WHAT NEEDS TO BE DONE
Write out the data exactly from its first line onward, ending with the line in which "2-Tier Microwave Oven" appears.

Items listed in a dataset
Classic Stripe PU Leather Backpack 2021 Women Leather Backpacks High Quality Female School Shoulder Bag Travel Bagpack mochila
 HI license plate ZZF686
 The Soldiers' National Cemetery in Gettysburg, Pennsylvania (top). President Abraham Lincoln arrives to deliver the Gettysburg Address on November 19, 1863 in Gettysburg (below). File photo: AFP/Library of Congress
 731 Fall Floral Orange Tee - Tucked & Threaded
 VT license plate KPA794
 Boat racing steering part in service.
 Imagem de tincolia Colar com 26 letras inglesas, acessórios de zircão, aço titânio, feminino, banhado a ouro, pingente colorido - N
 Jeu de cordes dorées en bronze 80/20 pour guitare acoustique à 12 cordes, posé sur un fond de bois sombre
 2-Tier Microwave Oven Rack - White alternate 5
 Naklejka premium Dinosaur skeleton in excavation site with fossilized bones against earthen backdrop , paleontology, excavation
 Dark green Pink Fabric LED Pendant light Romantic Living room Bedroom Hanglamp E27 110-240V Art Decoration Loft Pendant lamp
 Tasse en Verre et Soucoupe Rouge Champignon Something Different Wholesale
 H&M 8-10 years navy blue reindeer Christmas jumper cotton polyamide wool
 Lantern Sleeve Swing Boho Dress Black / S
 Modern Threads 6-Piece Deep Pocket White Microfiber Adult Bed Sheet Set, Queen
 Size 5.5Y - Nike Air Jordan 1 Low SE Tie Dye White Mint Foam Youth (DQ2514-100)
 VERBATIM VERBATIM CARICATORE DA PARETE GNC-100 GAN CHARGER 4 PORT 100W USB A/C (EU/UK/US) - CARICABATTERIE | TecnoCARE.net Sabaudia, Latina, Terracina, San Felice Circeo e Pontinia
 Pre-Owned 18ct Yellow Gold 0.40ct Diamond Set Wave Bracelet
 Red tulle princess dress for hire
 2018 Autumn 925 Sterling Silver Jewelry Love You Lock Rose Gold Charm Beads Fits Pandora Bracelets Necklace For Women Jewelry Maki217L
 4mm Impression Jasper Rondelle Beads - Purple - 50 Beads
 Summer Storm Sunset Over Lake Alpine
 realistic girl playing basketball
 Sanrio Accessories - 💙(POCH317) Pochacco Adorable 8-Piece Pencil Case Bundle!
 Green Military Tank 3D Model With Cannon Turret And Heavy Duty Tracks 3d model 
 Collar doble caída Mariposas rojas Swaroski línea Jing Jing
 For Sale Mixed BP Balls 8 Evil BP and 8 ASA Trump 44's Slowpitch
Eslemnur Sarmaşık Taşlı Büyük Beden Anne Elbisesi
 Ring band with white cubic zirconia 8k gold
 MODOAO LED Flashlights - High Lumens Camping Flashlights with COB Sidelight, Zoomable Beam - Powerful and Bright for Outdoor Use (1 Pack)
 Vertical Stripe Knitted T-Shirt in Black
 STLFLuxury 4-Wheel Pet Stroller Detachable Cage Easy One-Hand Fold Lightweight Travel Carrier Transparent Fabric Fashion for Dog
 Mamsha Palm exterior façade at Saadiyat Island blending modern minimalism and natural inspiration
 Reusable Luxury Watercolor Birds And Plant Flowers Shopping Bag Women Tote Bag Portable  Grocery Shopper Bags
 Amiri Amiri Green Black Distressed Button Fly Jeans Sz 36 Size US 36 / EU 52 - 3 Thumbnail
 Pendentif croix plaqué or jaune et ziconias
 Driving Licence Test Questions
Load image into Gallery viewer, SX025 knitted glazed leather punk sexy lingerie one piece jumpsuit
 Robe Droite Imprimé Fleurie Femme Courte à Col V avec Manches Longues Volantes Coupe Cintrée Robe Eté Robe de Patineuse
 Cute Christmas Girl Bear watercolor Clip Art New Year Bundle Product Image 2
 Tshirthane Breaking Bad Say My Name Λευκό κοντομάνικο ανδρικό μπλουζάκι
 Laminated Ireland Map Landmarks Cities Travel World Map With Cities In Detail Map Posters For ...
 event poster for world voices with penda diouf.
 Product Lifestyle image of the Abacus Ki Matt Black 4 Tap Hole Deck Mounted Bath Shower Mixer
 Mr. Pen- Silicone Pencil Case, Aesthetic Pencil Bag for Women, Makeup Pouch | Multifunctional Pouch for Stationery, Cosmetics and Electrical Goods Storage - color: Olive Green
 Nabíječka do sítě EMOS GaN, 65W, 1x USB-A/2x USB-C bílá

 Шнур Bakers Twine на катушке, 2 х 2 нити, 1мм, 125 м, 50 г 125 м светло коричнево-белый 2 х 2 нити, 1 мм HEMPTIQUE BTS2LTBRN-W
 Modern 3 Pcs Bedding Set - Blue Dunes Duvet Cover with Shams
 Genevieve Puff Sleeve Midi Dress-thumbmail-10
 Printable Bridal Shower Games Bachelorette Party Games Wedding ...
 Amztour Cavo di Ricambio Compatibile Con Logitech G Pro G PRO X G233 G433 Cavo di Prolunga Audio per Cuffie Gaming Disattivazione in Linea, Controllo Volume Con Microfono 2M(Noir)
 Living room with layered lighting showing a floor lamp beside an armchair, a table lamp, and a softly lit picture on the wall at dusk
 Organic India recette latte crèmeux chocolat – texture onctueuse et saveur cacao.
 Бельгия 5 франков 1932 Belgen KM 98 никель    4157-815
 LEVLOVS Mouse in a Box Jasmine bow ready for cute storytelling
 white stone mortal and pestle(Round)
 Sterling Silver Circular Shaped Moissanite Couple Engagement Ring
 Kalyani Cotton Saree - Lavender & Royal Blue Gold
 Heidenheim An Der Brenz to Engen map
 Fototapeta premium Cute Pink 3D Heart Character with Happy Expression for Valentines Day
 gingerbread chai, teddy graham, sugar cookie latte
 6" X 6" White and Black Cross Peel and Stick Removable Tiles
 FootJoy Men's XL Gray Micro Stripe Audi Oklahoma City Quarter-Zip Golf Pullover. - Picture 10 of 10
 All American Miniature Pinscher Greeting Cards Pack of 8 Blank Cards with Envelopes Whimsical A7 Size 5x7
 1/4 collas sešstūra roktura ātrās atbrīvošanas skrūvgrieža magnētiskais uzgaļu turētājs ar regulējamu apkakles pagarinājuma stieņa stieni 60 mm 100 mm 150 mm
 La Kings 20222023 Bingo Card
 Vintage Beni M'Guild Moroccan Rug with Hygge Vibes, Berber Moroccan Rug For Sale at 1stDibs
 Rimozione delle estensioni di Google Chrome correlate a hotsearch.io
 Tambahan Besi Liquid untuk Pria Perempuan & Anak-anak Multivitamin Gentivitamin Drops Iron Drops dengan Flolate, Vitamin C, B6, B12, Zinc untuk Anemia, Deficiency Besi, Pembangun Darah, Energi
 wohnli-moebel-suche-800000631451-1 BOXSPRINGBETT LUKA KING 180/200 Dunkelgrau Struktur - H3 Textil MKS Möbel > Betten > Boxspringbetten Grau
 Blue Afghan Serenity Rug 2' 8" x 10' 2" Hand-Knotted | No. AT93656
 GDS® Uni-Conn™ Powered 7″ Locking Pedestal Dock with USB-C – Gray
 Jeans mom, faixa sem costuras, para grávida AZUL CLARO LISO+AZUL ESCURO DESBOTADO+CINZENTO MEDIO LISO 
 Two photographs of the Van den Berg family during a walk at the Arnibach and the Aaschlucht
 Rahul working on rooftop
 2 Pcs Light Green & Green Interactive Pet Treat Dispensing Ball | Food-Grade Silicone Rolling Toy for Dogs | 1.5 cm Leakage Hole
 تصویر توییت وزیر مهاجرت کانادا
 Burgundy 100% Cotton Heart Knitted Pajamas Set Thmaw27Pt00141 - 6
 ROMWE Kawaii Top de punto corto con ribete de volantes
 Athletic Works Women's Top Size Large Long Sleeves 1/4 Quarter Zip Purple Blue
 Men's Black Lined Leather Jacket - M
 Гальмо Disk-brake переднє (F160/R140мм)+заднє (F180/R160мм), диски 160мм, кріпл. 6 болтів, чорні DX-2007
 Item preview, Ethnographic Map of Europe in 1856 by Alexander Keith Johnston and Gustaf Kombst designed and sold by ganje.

OUTPUT BELOW
Classic Stripe PU Leather Backpack 2021 Women Leather Backpacks High Quality Female School Shoulder Bag Travel Bagpack mochila
 HI license plate ZZF686
 The Soldiers' National Cemetery in Gettysburg, Pennsylvania (top). President Abraham Lincoln arrives to deliver the Gettysburg Address on November 19, 1863 in Gettysburg (below). File photo: AFP/Library of Congress
 731 Fall Floral Orange Tee - Tucked & Threaded
 VT license plate KPA794
 Boat racing steering part in service.
 Imagem de tincolia Colar com 26 letras inglesas, acessórios de zircão, aço titânio, feminino, banhado a ouro, pingente colorido - N
 Jeu de cordes dorées en bronze 80/20 pour guitare acoustique à 12 cordes, posé sur un fond de bois sombre
 2-Tier Microwave Oven Rack - White alternate 5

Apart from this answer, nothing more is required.